OBVIOUS CHILD arrives in theatres with a full head of buzzy steam and plenty of think pieces about its tackling of a certain hot button issue. Believe me, I should know, as I wrote one myself. It might be easy to get swept up by it all and hang your hopes on CHILD being THE film of the year. It’s not. It just isn’t. It is, in reality, mostly a low key romantic comedy.
And that is ok.
It is more than ok, in fact, because what CHILD does well, it does very well.
First, the cast is strong top to button. Jenny Slate shows a heretofore undemonstrated range as the lead, Donna Stern. She is often funny but finds ways to be funny in different ways, in ways that indicate what else is going on with her. Her funny with Max (Jake Lacy), her one night stand that might blossom into more, is different within itself depending on the situation and different than her funny with her friends Nellie (Gaby Hoffman) and Joey (Gabe Liedman) which, in turn, is different than how she is funny with her dad (Richard Kind) and so on. It is a nicely subtle way to portray someone who deals with discomfort, pain, embarrassment, and so on through humor without her always burying the needle on the striving to make others laugh. And when she steps away from that defense mechanism, she remains effective. She, for lack of a better way to put it, emotes well. It is an underplayed, lived in performance (with the exception of a drunken phone call scene that I’ll get to later).
Far and away my favorite marriage of character and actor, though, is Joey. Liedman takes limited lines and just owns the screens.

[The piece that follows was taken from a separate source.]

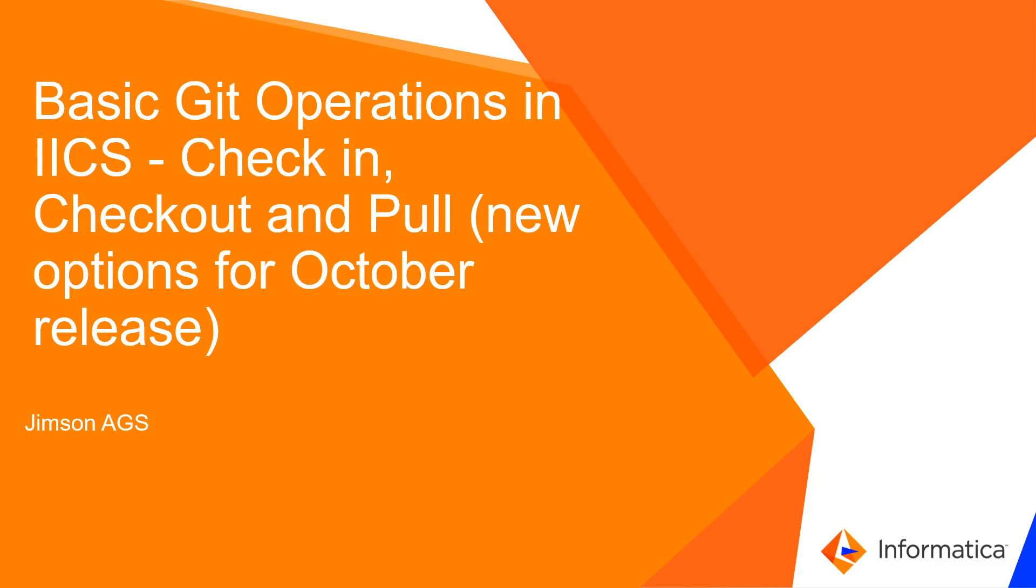Hello everyone, this is Jimson from Informatica support. Today we are going to see the basic Git operations in IACS: check-in, checkout, and pull. In the October release, there are new features for pull that we are going to cover in this video.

He is not chewing scenery but he is undeniable. His standup work as well is the best (including Slate’s) in the movie. Leidman is mostly a writer on shows like Inside Amy Schumer and The Kroll Show, but I suspect he will find himself with less and less time to write very soon.
Even the “weak” links, Donna’s often harsh mom (Polly Draper) and the fairly underwritten Max, never seem flat. There’s less for them to do, but they acquit themselves well with what’s there and bring forth realistic characters. Max in particular is redeemed by his chemistry with Donna’s and the genuine sense of simple, straightforward goodness Lacy imbues his performance with.
Only David Cross is unable to make things work but that is a plot problem more than anything else. His scene is long, ill-pace, and tells us nothing more about Donna and even less about Cross’s Sam. He’s a comedian that might prompt a few #YesAllWomen tweets and his time on-screen grinds everything in the film to a squealing, unpleasant halt.
The movie itself takes place in a very small world, almost hermetically sealed and yet feels unmoored from any particular time or space. With the exception of technological cues, it could’ve been set in 2013, 2003, or 1993 New York City. That said, there is an appealing meandering quality within that world. It never feels rigid despite the fact that there is never a moment where the movie acknowledges the world outside the boroughs of Brooklyn and Manhattan. The picture’s visual palette and shot selection is limited but never to the point of distraction. Perhaps writer/director Gillian Robespierre could have been a little more adventurous with how she chose to capture the action, but that’s not where this movie’s efforts lie.
The one place the film does occasionally fall down is when it runs up against romantic comedy tropes. Especially ones involving the telephone. Try as she might, Robespierre cannot inject a new angle into the “endless voicemails on a past love’s phone while drunk” or the “calling someone you wronged trying to get them to pick up” tropes. As a result, especially given how earlier the former occurs and at what length, the movie feels creaky in those moments. Slate is game but that is a stone without any blood.
Otherwise, though, the picture bounces around on its own energy, evading clichés by largely acting as though it was not a romantic comedy. It surely is, but it just is not that worried about proving it and is a better effort because of it. Without its frank depiction of abortion, I doubt it would be gaining the kind of notice it is, but it would still be worthy of attention.